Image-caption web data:
[Start of section]

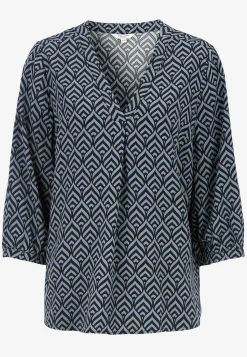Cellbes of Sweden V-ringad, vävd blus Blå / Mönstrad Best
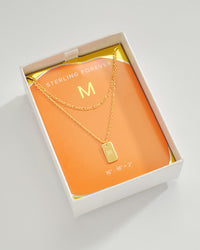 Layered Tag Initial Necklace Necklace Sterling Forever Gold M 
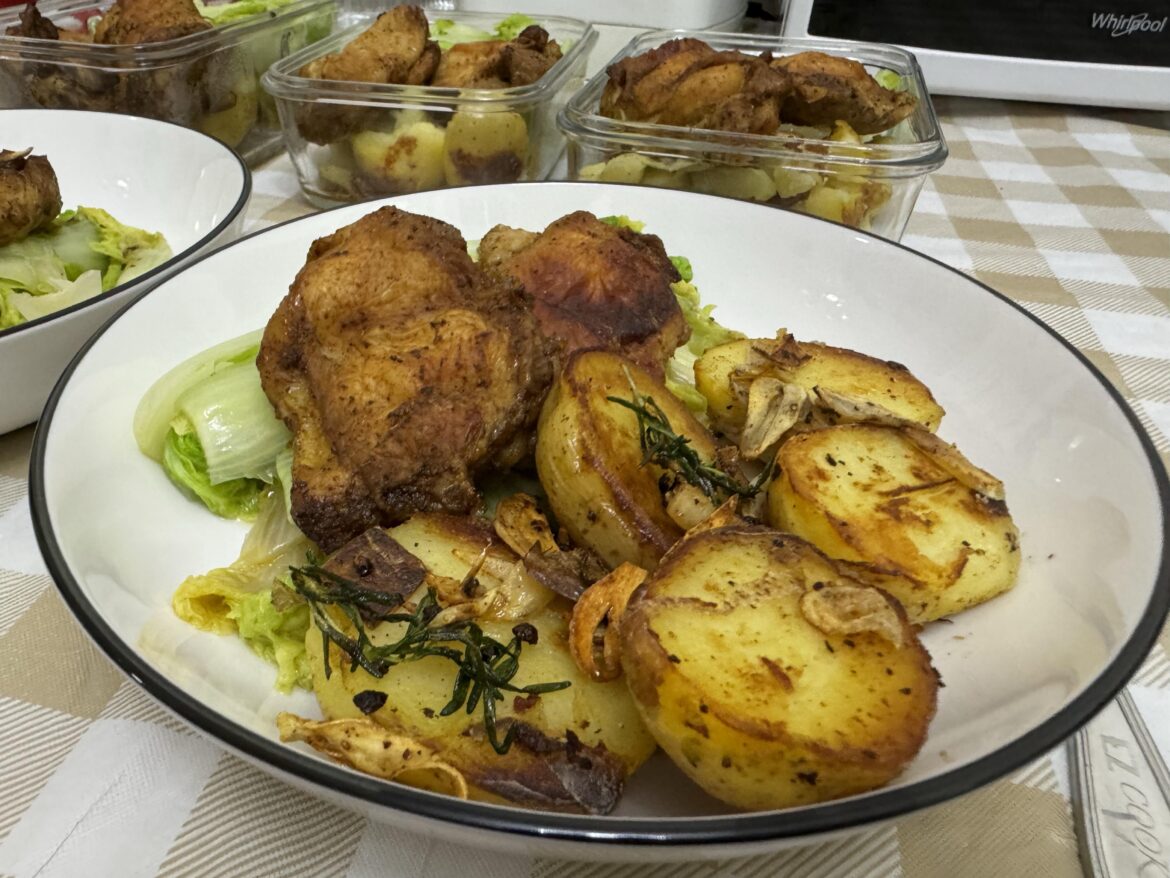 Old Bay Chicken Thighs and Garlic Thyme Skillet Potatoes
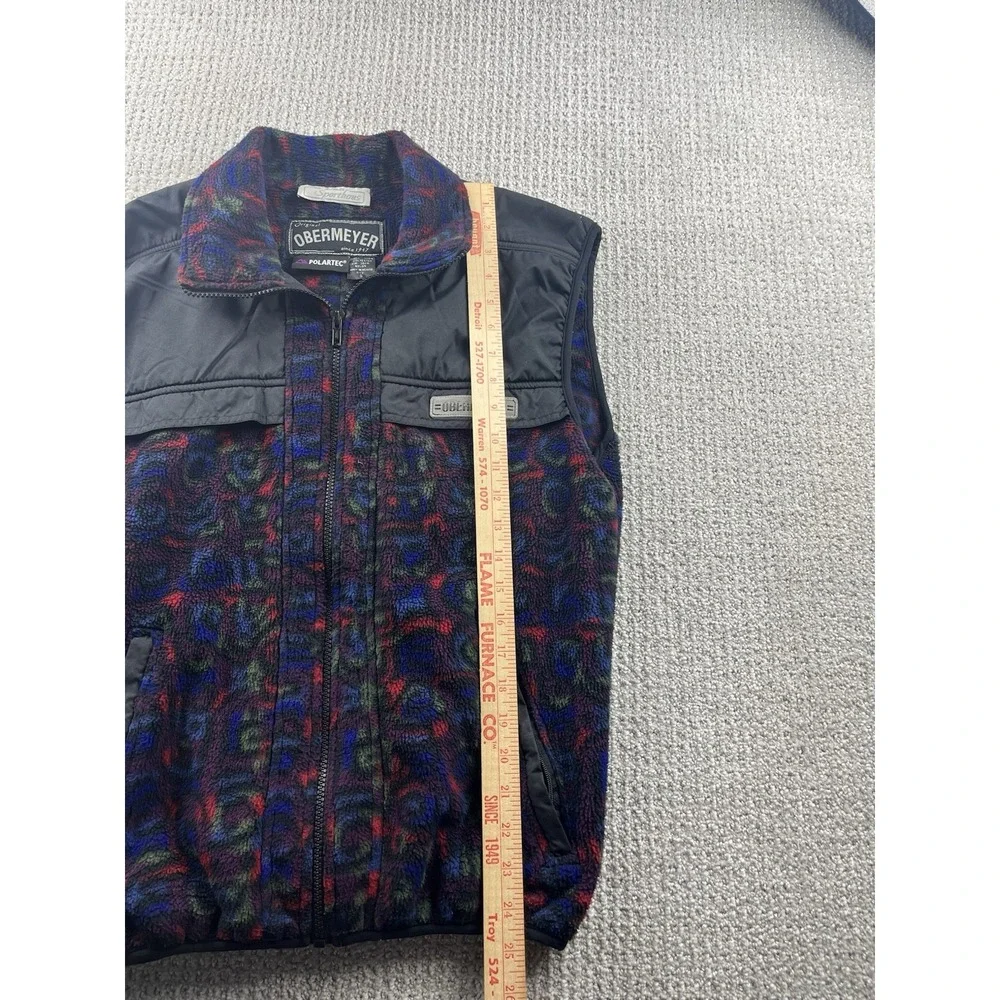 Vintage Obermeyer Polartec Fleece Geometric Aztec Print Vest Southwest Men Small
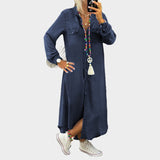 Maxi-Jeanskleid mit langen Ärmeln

[End of section]

[DIRECTIONS FOR THIS TASK] Which lines run from the one containing "Layered Tag Initial" through the last line of the entries above? Output them exactly, both ends included, with no pictures.

[EXERCISE ANSWER]
 Layered Tag Initial Necklace Necklace Sterling Forever Gold M 
 Old Bay Chicken Thighs and Garlic Thyme Skillet Potatoes
 Vintage Obermeyer Polartec Fleece Geometric Aztec Print Vest Southwest Men Small
 Maxi-Jeanskleid mit langen Ärmeln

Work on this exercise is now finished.